The new condition in (B) (compared with  [23]) is (iii). The latter captures the idea of a threshold (in our notation, $A_1$), under which no reproduction can occur, and of a certain amount of intake ($A_2$) after which the reproduction rate does not increase. This assumption does not allow certain degenerate behavior of the system (4), leading to structural instability (see  [23]). Let us also note that if $A_1=0$ and $A_2=+\infty$, the function $ℬ\left(\mathcal{A}\right)$ is strictly monotone for $\mathcal{A}\in [0,+\infty )$ and, thus, it includes as a particular case the classical (linear w.r.t. $\mathcal{A}$) birth rate function.

Similar comments can be made on condition (D) (iii).

Let us note that from conditions (B)(ii) and (D)(ii) it follows that $\mathcal{D}\left(0\right)>ℬ\left(0\right)=0$ is fulfilled. The latter inequality has a clear biological meaning — if there is no food, the predator mortality will be higher than the reproduction rate.

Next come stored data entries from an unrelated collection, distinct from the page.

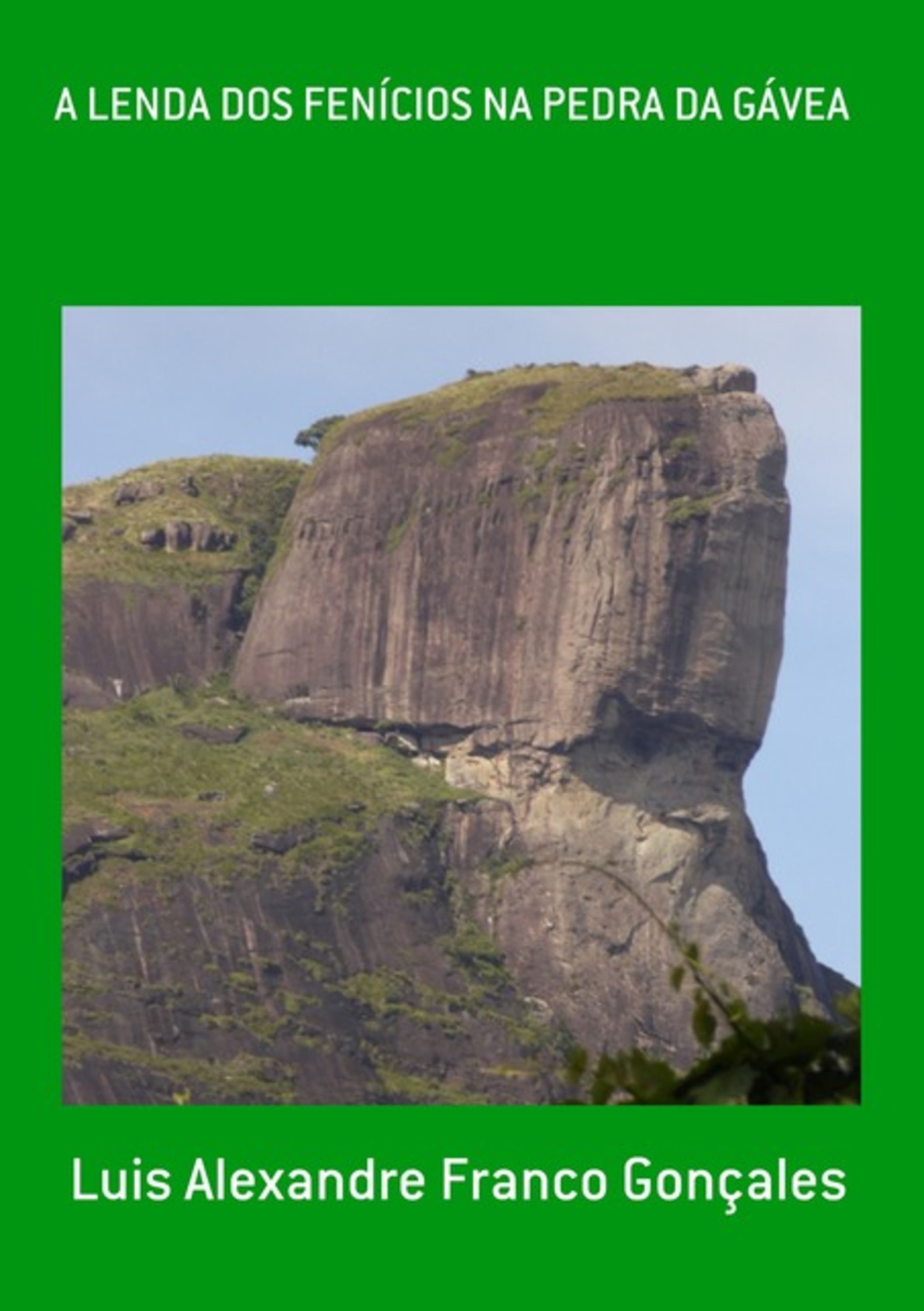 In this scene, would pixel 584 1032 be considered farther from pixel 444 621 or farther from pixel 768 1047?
pixel 768 1047

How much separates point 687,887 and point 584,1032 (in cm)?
502

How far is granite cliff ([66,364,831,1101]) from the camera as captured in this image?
97.8m

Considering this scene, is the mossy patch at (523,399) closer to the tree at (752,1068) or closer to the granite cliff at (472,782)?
the granite cliff at (472,782)

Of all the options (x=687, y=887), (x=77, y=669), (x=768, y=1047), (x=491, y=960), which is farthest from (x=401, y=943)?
(x=768, y=1047)

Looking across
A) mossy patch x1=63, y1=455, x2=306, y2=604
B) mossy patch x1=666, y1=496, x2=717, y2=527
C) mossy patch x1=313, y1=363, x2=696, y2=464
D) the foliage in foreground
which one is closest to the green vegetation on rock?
mossy patch x1=63, y1=455, x2=306, y2=604

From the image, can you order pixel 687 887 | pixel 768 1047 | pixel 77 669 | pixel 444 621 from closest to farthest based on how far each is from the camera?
pixel 768 1047
pixel 687 887
pixel 444 621
pixel 77 669

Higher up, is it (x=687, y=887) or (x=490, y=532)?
(x=490, y=532)

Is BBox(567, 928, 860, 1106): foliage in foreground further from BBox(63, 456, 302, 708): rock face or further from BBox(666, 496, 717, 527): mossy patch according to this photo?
BBox(63, 456, 302, 708): rock face

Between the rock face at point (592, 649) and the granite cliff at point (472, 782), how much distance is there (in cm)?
9

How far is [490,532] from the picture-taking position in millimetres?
107125

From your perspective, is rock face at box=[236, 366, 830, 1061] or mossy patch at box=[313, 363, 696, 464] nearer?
rock face at box=[236, 366, 830, 1061]

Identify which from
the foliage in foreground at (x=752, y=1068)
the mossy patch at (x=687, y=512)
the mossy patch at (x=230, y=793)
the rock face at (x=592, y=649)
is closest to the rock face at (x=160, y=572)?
the mossy patch at (x=230, y=793)

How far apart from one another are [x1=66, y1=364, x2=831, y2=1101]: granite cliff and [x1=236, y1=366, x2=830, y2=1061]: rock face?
0.09 metres

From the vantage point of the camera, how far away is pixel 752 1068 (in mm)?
9367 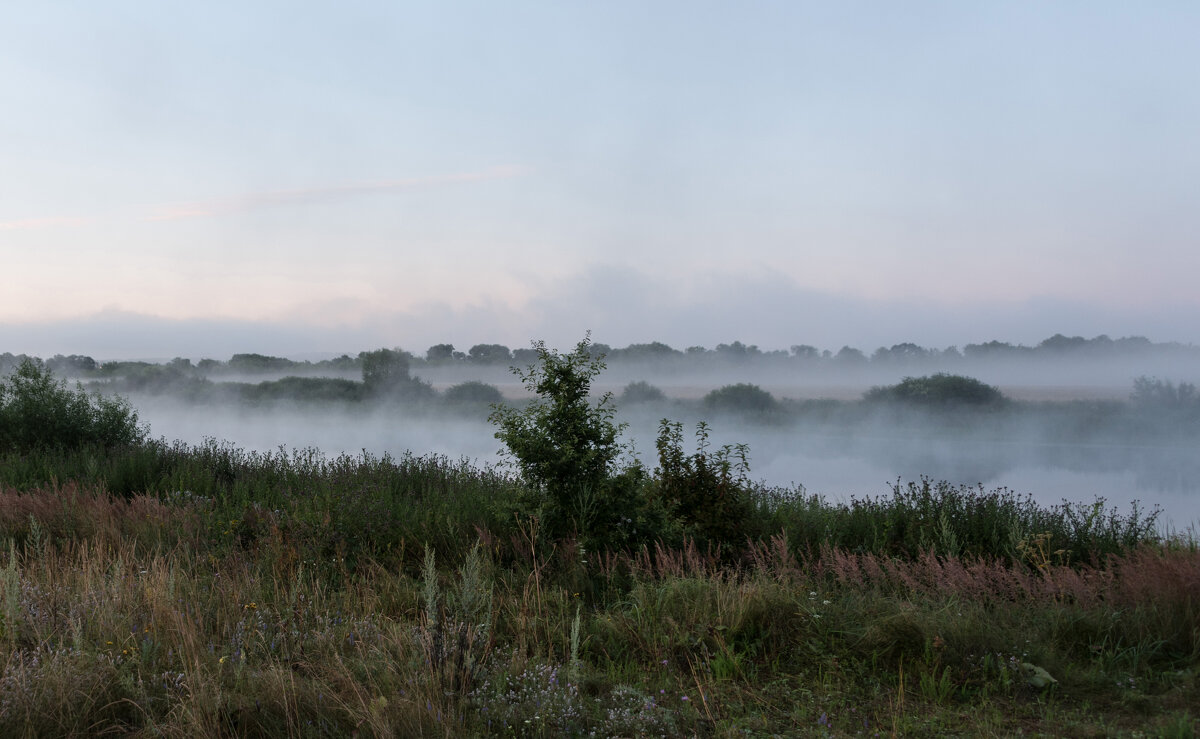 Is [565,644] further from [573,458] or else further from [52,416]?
[52,416]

The paper is structured in the following way. Section  2 studies the basic properties of the model like invariance of the positive quadrant, boundedness of the solutions, etc. In Section  3, the equilibrium points of the model are found. Conditions for the existence of an internal equilibrium are derived. In Section  4, we study the local stability of the equilibrium points and in Section  5 the global behavior of the solutions. It is shown that there exist three possibilities for the solutions — extinction of the predator, globally stable internal equilibrium, or a periodic solution. Numerical simulation is included in Section  6 to demonstrate the theoretical results.